* **The task**
When you reach the line containing "97010606104 FAN MOTORU" in the entries below, start writing out each line exactly, and stop after the line containing "Top Model Μπλοκ".

Material provided Start Marker

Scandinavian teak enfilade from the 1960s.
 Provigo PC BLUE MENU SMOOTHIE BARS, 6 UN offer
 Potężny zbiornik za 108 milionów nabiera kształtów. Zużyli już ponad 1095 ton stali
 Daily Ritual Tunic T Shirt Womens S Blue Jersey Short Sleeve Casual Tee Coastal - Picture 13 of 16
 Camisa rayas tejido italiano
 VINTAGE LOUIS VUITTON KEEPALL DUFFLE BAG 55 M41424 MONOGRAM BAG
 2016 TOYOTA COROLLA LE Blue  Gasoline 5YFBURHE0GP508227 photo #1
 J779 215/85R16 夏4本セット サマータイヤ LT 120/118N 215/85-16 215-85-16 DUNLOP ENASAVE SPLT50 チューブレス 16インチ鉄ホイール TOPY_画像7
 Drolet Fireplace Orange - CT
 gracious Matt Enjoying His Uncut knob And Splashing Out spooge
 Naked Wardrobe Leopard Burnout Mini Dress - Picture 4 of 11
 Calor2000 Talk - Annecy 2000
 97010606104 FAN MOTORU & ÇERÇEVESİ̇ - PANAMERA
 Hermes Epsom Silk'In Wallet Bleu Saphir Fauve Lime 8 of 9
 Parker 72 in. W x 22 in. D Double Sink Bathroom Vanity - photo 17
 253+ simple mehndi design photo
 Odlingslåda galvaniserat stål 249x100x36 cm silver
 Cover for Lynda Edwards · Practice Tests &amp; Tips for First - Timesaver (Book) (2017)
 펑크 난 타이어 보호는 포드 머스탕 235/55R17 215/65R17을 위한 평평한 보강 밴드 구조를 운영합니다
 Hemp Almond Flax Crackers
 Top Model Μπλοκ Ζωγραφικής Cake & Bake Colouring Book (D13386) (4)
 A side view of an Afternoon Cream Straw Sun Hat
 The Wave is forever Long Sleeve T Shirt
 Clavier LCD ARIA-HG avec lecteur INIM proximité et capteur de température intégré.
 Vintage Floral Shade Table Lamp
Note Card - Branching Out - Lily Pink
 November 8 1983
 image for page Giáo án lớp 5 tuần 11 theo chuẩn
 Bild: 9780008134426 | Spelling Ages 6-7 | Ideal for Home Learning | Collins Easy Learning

Material provided End Marker

* **Task response**
 97010606104 FAN MOTORU & ÇERÇEVESİ̇ - PANAMERA
 Hermes Epsom Silk'In Wallet Bleu Saphir Fauve Lime 8 of 9
 Parker 72 in. W x 22 in. D Double Sink Bathroom Vanity - photo 17
 253+ simple mehndi design photo
 Odlingslåda galvaniserat stål 249x100x36 cm silver
 Cover for Lynda Edwards · Practice Tests &amp; Tips for First - Timesaver (Book) (2017)
 펑크 난 타이어 보호는 포드 머스탕 235/55R17 215/65R17을 위한 평평한 보강 밴드 구조를 운영합니다
 Hemp Almond Flax Crackers
 Top Model Μπλοκ Ζωγραφικής Cake & Bake Colouring Book (D13386) (4)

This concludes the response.